Dataset content: Begin
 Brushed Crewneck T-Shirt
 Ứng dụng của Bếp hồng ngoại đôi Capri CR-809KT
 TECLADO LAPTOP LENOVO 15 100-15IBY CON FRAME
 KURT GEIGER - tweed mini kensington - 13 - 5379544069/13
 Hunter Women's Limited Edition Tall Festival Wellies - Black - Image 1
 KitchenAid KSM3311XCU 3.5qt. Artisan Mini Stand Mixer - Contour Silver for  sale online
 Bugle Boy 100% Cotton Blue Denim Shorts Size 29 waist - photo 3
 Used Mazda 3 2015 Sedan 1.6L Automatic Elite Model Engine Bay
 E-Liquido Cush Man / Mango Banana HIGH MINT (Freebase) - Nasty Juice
Dataset content: End
Dataset content: Begin
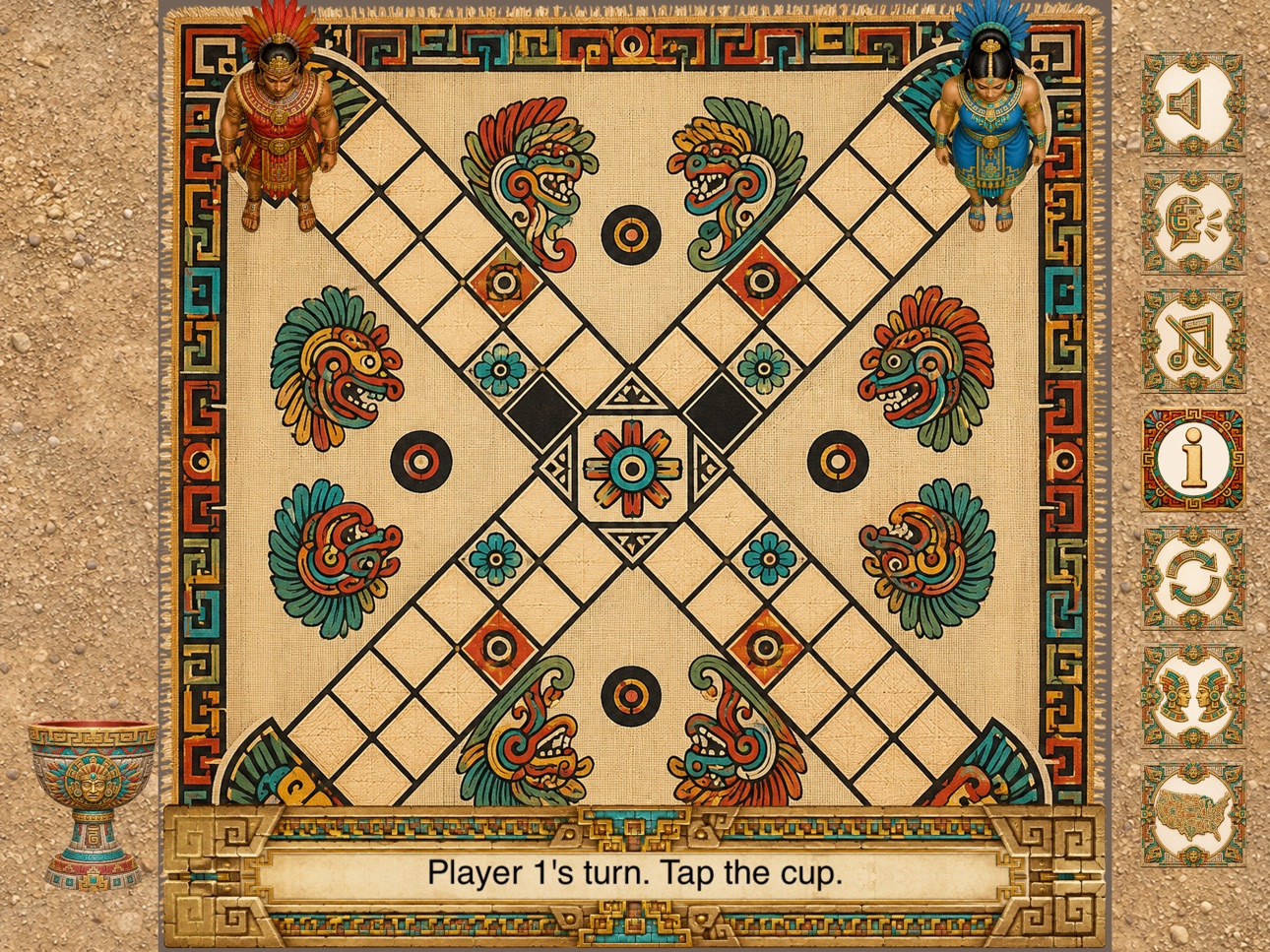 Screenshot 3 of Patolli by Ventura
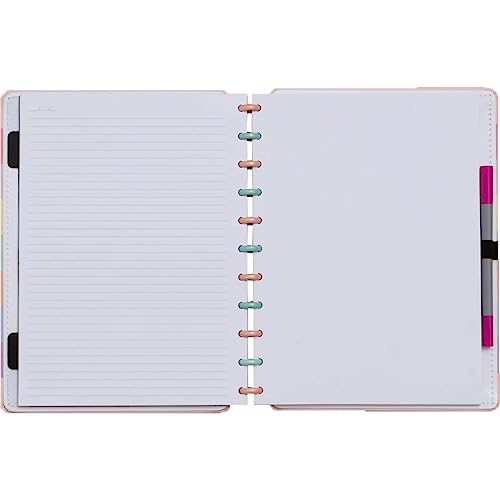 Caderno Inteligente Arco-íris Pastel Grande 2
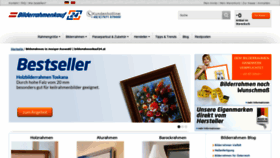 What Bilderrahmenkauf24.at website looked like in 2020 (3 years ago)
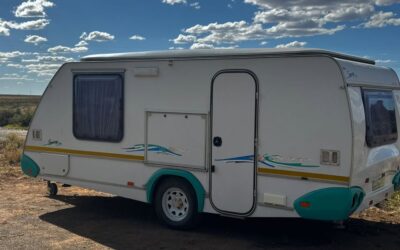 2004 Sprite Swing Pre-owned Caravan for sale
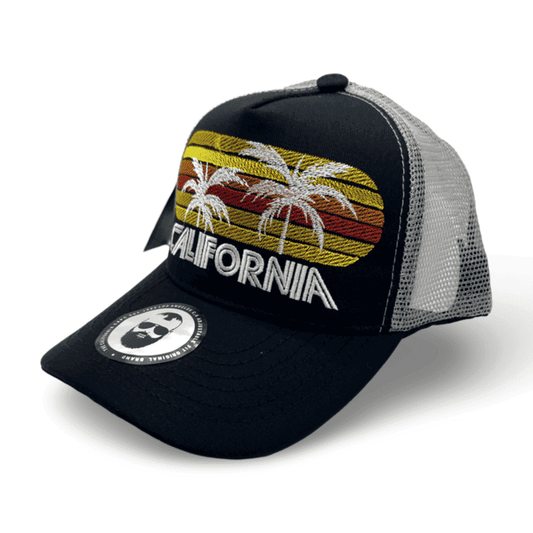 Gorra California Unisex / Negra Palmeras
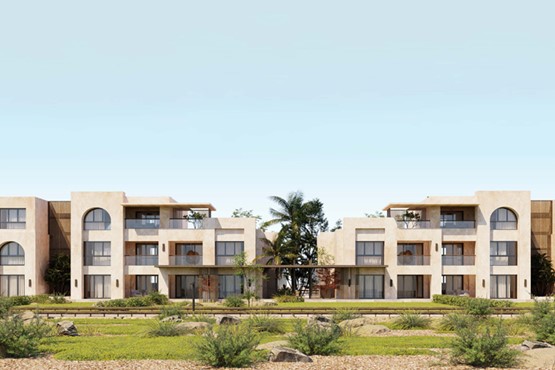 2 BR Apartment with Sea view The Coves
Dataset content: End
Dataset content: Begin
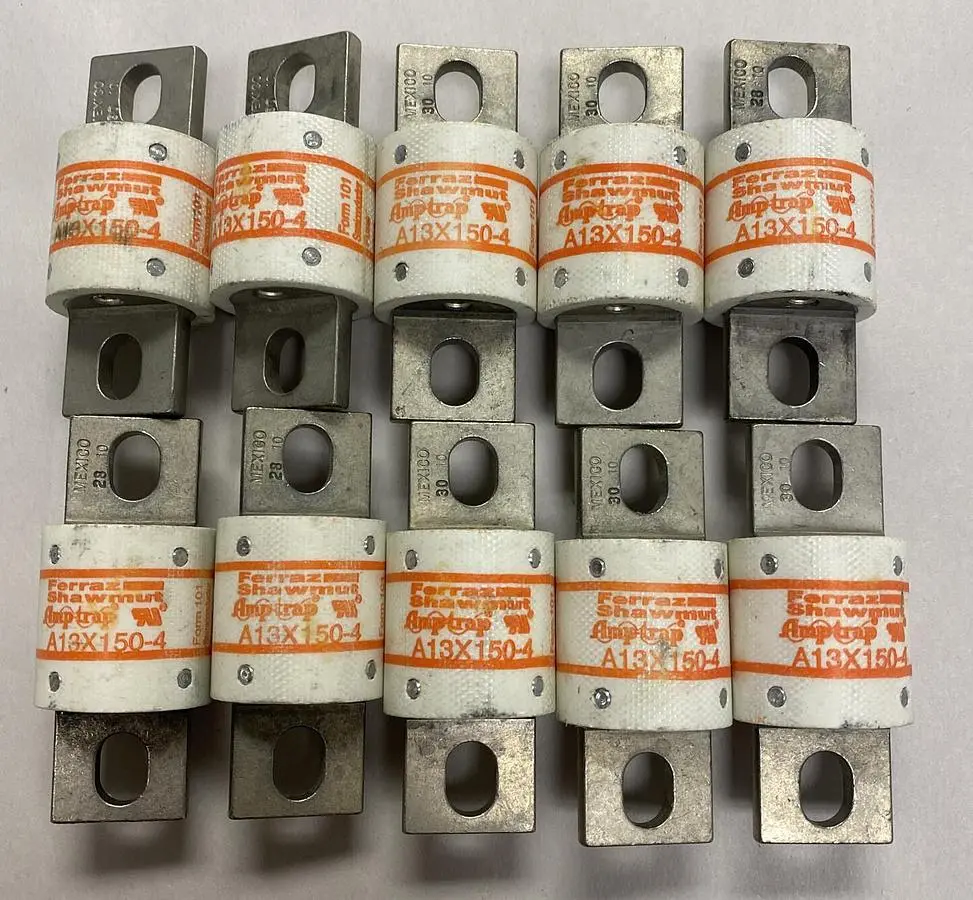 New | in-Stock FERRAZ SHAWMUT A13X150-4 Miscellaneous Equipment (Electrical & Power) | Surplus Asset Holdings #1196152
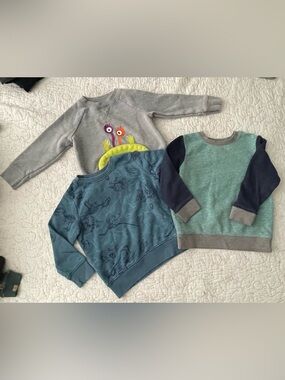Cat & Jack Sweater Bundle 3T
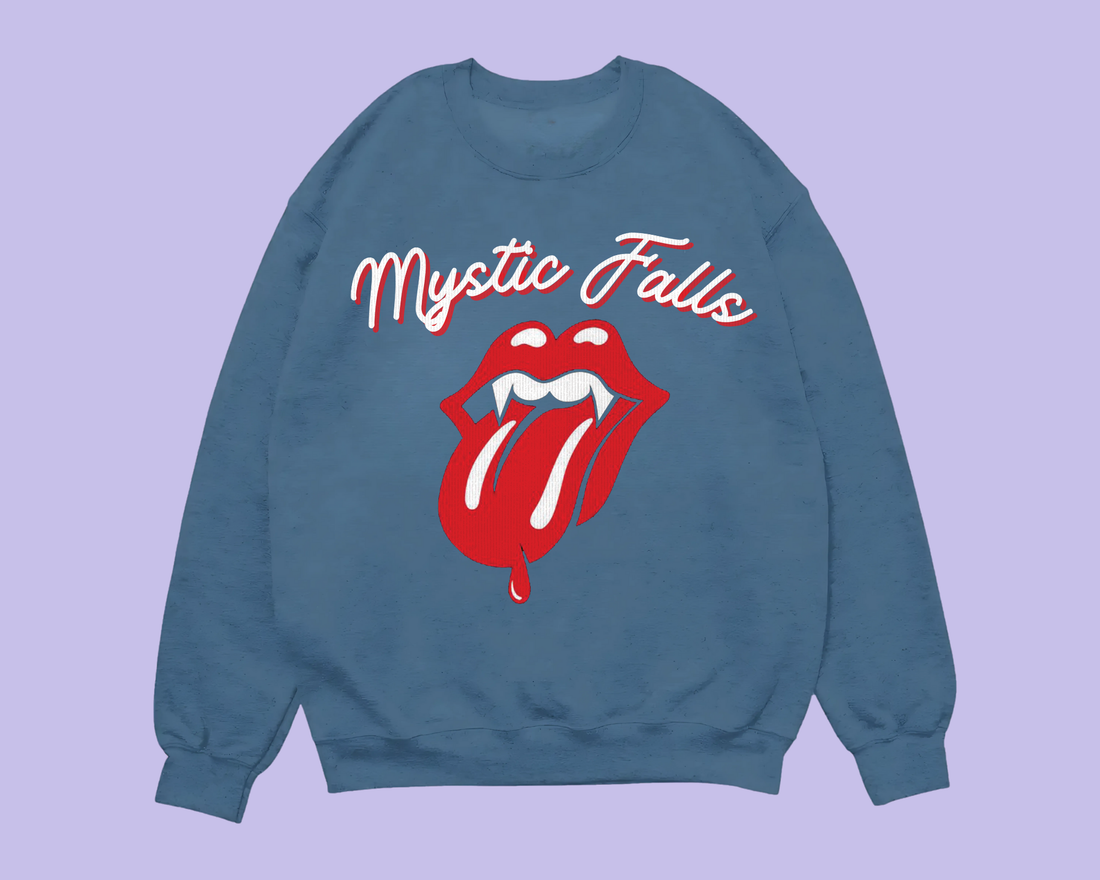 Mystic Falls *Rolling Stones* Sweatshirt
Dataset content: End
# Requirement
Output the material above exactly, but only from the line that carries "KitchenAid KSM3311XCU 3.5qt." through the line that carries "E-Liquido Cush Man".

# Finished exercise
 KitchenAid KSM3311XCU 3.5qt. Artisan Mini Stand Mixer - Contour Silver for  sale online
 Bugle Boy 100% Cotton Blue Denim Shorts Size 29 waist - photo 3
 Used Mazda 3 2015 Sedan 1.6L Automatic Elite Model Engine Bay
 E-Liquido Cush Man / Mango Banana HIGH MINT (Freebase) - Nasty Juice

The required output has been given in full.